START SUPPLIED DATA

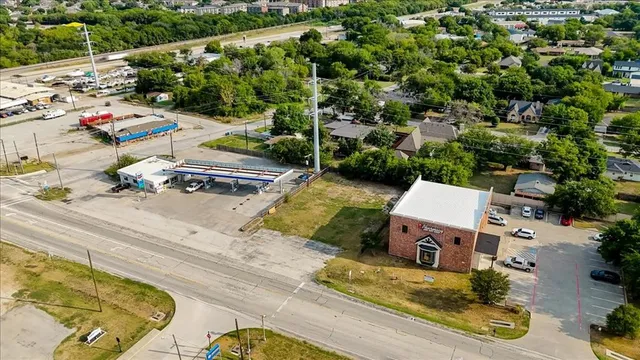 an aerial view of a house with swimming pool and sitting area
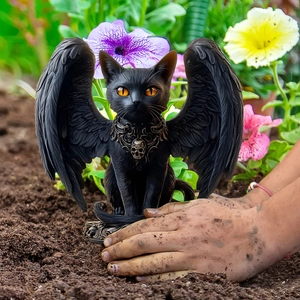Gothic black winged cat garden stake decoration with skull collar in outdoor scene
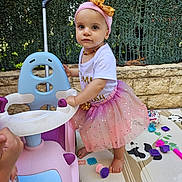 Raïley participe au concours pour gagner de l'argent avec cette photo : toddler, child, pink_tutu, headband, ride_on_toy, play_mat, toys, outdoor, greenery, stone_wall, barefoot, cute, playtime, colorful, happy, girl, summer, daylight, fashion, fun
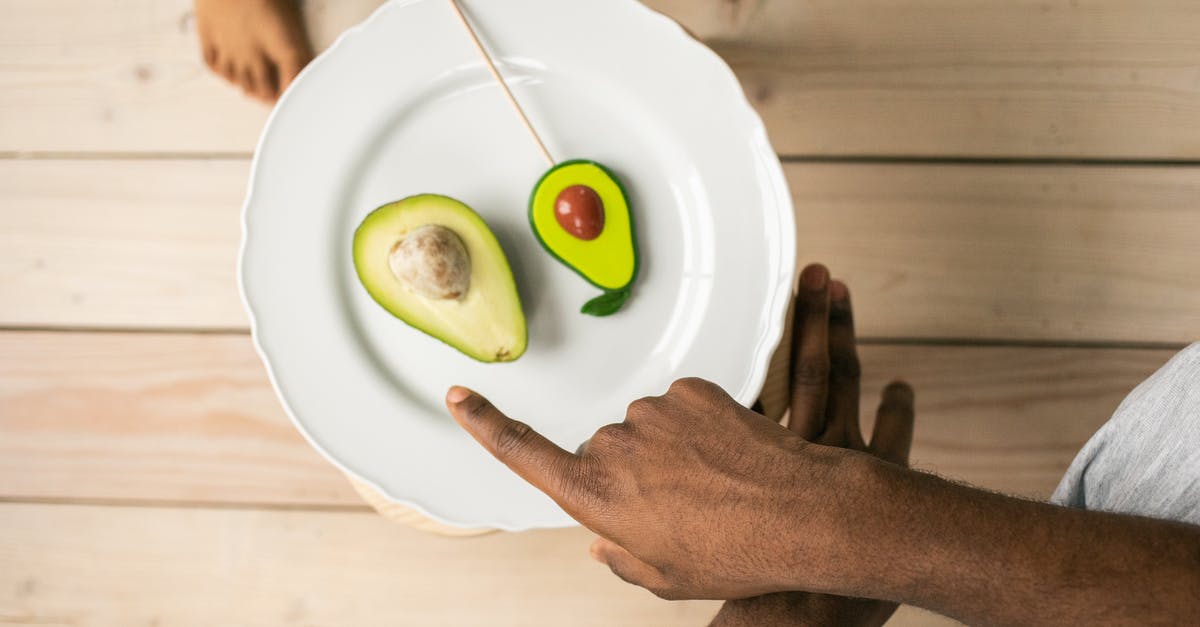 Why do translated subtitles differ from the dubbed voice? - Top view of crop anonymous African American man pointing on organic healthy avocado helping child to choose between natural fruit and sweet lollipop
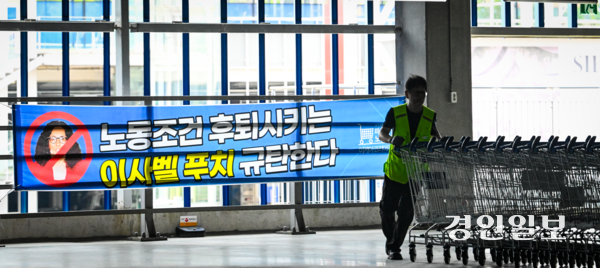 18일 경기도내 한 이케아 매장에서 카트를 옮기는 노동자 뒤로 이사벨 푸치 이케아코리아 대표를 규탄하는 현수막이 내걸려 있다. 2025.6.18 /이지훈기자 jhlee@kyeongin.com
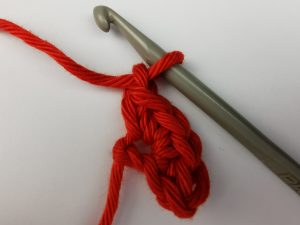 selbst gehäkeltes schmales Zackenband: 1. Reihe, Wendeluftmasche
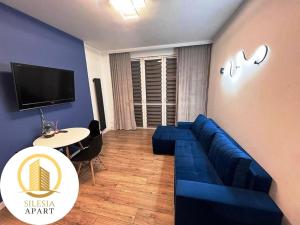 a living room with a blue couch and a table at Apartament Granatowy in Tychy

END SUPPLIED DATA

_TASK DIRECTIONS_
Your answer must be the exact lines of the records from the first one through the line containing "Gothic black winged", with no pictures in it.

_ANSWER TO THIS TASK_
 an aerial view of a house with swimming pool and sitting area
Gothic black winged cat garden stake decoration with skull collar in outdoor scene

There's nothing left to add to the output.